• Activity: What is the number of lines below that contain the word "window"? Give only that number.

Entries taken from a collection
Content starts

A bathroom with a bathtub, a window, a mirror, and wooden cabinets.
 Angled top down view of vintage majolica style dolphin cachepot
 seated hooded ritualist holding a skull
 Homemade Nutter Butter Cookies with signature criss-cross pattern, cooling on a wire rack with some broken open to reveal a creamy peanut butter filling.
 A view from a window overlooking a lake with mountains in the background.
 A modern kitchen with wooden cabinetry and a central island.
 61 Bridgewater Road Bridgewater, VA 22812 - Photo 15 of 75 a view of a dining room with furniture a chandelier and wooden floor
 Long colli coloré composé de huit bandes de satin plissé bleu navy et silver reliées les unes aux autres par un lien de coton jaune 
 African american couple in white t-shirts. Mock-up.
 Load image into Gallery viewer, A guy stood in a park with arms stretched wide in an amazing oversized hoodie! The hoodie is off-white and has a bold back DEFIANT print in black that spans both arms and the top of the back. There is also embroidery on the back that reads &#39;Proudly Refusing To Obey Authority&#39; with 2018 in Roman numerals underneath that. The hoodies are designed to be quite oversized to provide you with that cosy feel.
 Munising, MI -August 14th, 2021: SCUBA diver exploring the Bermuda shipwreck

Content ends

• Response to the task: 2